Extracted data entries
^^^^^^^^
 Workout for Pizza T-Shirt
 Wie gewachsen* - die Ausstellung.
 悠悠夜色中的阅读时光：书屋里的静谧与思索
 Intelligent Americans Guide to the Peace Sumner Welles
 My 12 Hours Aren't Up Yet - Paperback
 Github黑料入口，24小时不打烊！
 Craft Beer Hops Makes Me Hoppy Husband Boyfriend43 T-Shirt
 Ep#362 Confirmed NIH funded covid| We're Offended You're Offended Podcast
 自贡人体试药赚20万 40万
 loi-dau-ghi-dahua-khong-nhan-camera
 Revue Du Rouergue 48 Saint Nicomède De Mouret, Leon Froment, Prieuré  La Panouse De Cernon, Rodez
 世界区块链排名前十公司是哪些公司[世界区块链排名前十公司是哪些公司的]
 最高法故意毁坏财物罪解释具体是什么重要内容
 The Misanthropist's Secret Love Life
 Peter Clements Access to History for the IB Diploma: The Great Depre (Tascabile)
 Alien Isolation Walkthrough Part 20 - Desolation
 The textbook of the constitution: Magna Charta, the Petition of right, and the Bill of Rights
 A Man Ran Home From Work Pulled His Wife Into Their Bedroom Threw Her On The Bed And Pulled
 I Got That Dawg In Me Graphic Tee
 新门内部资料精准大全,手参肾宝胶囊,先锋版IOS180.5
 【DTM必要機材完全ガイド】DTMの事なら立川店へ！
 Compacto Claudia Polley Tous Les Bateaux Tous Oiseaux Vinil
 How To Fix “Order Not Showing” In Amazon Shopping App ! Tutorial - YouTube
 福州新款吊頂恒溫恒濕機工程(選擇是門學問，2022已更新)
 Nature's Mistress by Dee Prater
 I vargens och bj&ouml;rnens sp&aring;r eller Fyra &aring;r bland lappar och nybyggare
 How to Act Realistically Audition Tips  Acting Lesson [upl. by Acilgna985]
^^^^^^^^
Task item:
Using the records above, set down exactly the lines from the one with "世界区块链排名前十公司是哪些公司[世界区块链排名前十公司是哪些公司的]" through the one with "Nature's Mistress by Dee Prater", inclusive, and nothing more.

Reply:
 世界区块链排名前十公司是哪些公司[世界区块链排名前十公司是哪些公司的]
 最高法故意毁坏财物罪解释具体是什么重要内容
 The Misanthropist's Secret Love Life
 Peter Clements Access to History for the IB Diploma: The Great Depre (Tascabile)
 Alien Isolation Walkthrough Part 20 - Desolation
 The textbook of the constitution: Magna Charta, the Petition of right, and the Bill of Rights
 A Man Ran Home From Work Pulled His Wife Into Their Bedroom Threw Her On The Bed And Pulled
 I Got That Dawg In Me Graphic Tee
 新门内部资料精准大全,手参肾宝胶囊,先锋版IOS180.5
 【DTM必要機材完全ガイド】DTMの事なら立川店へ！
 Compacto Claudia Polley Tous Les Bateaux Tous Oiseaux Vinil
 How To Fix “Order Not Showing” In Amazon Shopping App ! Tutorial - YouTube
 福州新款吊頂恒溫恒濕機工程(選擇是門學問，2022已更新)
 Nature's Mistress by Dee Prater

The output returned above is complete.